Вокруг рупора стали собираться люди: военные и штатские. Тихонько подходили, ложились где-нибудь под деревом или возле стены и жадно ловили каждое слово. Над головой время от времени гудели бомбардировщики, истребители… На берегу реки и в реке часто разрывались снаряды, поднимая темные столбы песка и воды. Но люди слышали только слова из репродуктора, никто не обращал внимания на смертоносный грохот.
Я прилег у бугорка, заросшего густой травой. Над головой изредка посвистывали пули, но я не мог покинуть это место, пока из рупора доносился голос родной Москвы. Незнакомый мне худощавый человек теплым, понимающим взглядом посмотрел на меня; он напряженно слушал, приподняв голову. Видно было, что человек этот туговат на ухо. Его глаза светились непоколебимой решимостью, и весь он, казалось, был проникнут только одним желанием — услышать и запомнить все до единого слова.
Справа и слева от нас стремительно перебегали бойцы последней заставы. Они с разгона припадали к земле — в борозду или в густую зелень давно не полотых огородов — и, передохнув минуту, бежали к реке.
— Танки фашистские, — сказал стрелок, прилегший рядом с нами. — Надо скорей переправиться.

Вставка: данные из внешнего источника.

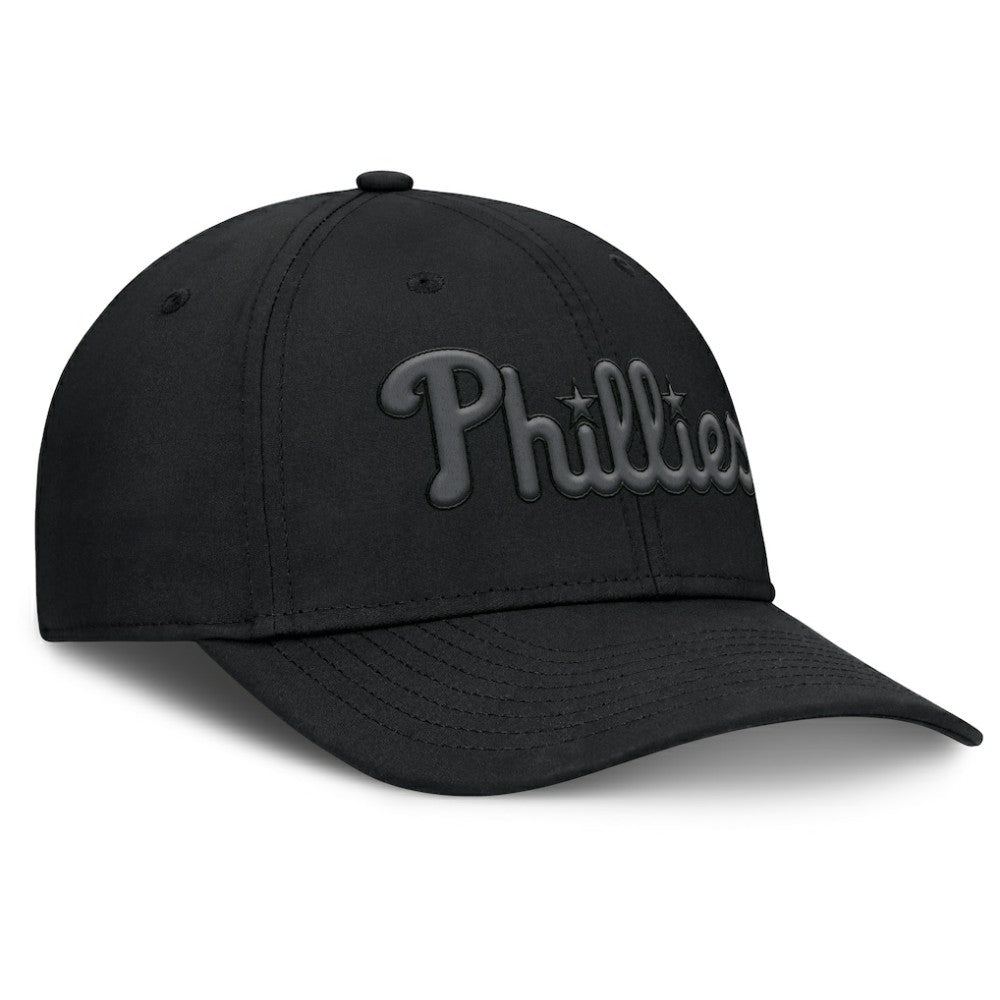 Philadelphia Phillies Overpower Flex Hat Black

Его слова почему-то не вызвали страха ни у меня, ни у моего соседа. Только сознание суровой необходимости заставило нас покинуть свои места. Оставалась, возможно, одна последняя минута, и надо спешить.
— Все силы народа — на разгром врага! — донеслись слова из рупора.
Вслед за стрелком мы добежали до прибрежного лозняка.
Человек, который вместе со мной слушал радио, раздвинул молодую поросль, ступил на песок. Стрелок уже собирался броситься вплавь.
— Пойдемте со мной! — тоном приказания сказал он и посмотрел сначала на бойца, потом на меня. — Нечего лезть в воду с винтовкой и патронами, тут у меня где-то должна быть лодчонка… Правда, она на одного человека рассчитана, но то в мирное время, а теперь переедете и вдвоем, река наша добрая и ласковая для своих людей.
— А вы разве не с нами? — удивленно спросил боец.
— Я-то, известно, с вами, — горько усмехнувшись, ответил человек, — но пока что останусь здесь. Останусь, погляжу на него, проклятого, посмотрю, насколько он изменился с восемнадцатого года и какой величины дубина нужна, чтобы бить его.
Я крепко пожал руку моему случайному соседу и на прощание сказал:
— Поверьте моему слову: мы тоже далеко отсюда не уйдем, мы будем с вами!